Madhuri Dixit has herself quoted that India has got its best in the form of Priyanka Chopra. That’s a quote of the day.
Wow! It is. I am so touched. Throughout my career, I’ve worked with enormous talents, from directors to actors to technicians, but I’ve always imbibed the best of all of them because I have a huge hunger for what I do. I don’t know if I am good, I don’t think I am one of India’s finest actor or whatever. Yes, people are very kind to me. All I know is that I love what I do. I want to really be remembered as someone who can do everything. If there is a role of a man given to me, I want to play the best man ever on celluloid. I really don’t compete with anybody else. I have no interest in competitions. As an actor I just tremendously love what I do and I hope I continue getting that. That’s my biggest dream.
And what better way to end this interview by asking you what if you wake up one morning and hear…and the Oscar goes to Priyanka Chopra?

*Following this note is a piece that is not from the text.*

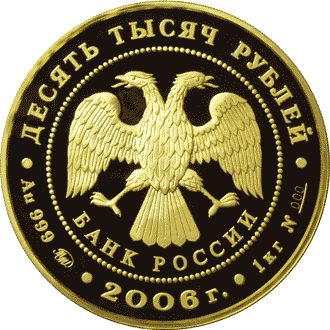 десять тысяч рублей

Wow! That’ll be quite something. I’ve never really worked for awards. The only agenda for me when I’m working is to stay true to every character that I am playing. It’s nothing to do with box office success; it’s not to get the accolades, etc. It’s to have my director turn around and say, “Sh**, that looked good”. It’s the moment. Yes, all good work leads to awards, credibility, etc. But between action and cut I want to create magic.